● Exercise brief
Only the text should come through, so restate the listing exactly and drop its images.

START Given material

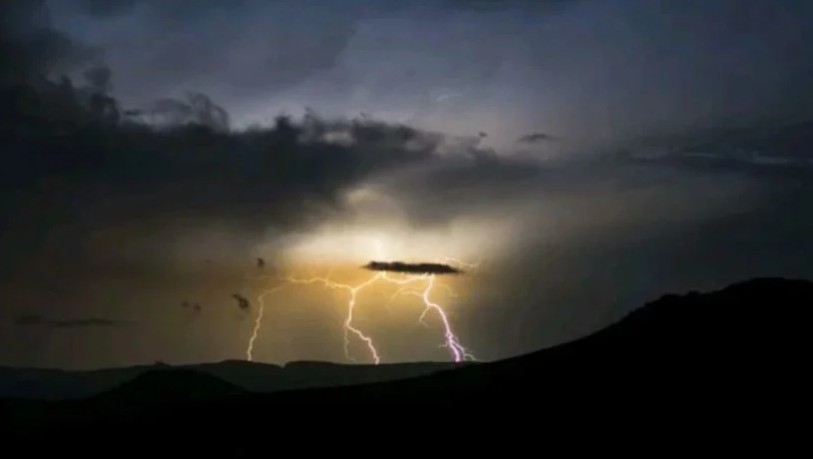  Tormentas eléctricas activan alerta preventiva en Antofagasta durante toda la semana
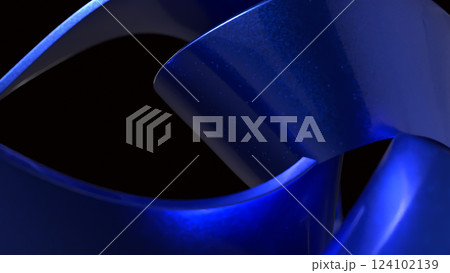 The Blue Abstract image for Abstract Background 3d Rendering. The Blue Abstract image for Abstract Background 3d Rendering. 124102139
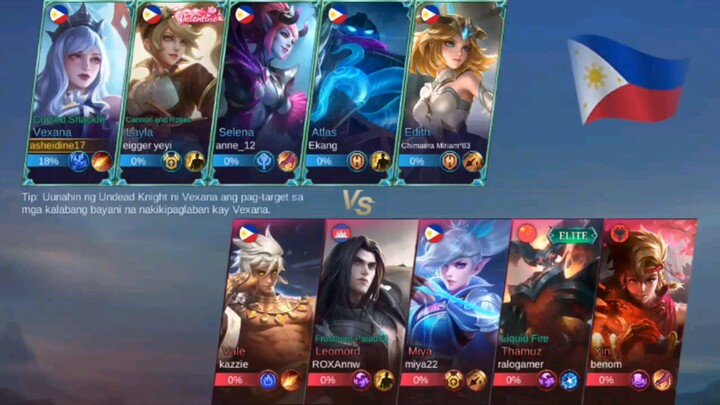 MOBILE LEGEND
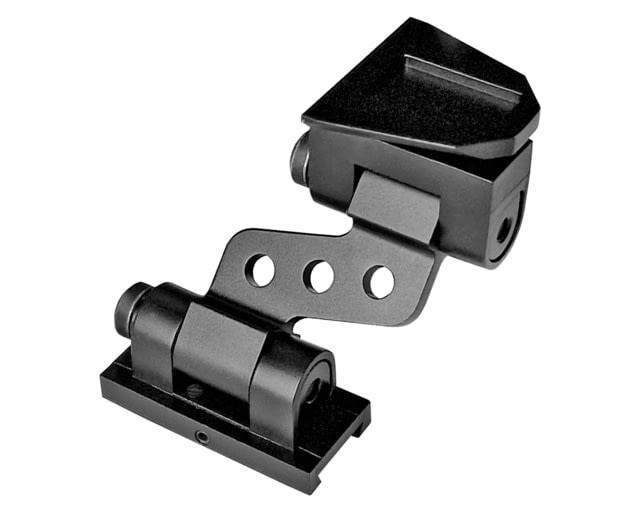 USED ATN J-Arm Dovetail Adapter for ATN ODIN LT Black ACMDOVJARM EDEMO1 Condition Parts Only/Salvage Defective - ATN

END Given material

● Reply to the exercise
  Tormentas eléctricas activan alerta preventiva en Antofagasta durante toda la semana
 The Blue Abstract image for Abstract Background 3d Rendering. The Blue Abstract image for Abstract Background 3d Rendering. 124102139
 MOBILE LEGEND
 USED ATN J-Arm Dovetail Adapter for ATN ODIN LT Black ACMDOVJARM EDEMO1 Condition Parts Only/Salvage Defective - ATN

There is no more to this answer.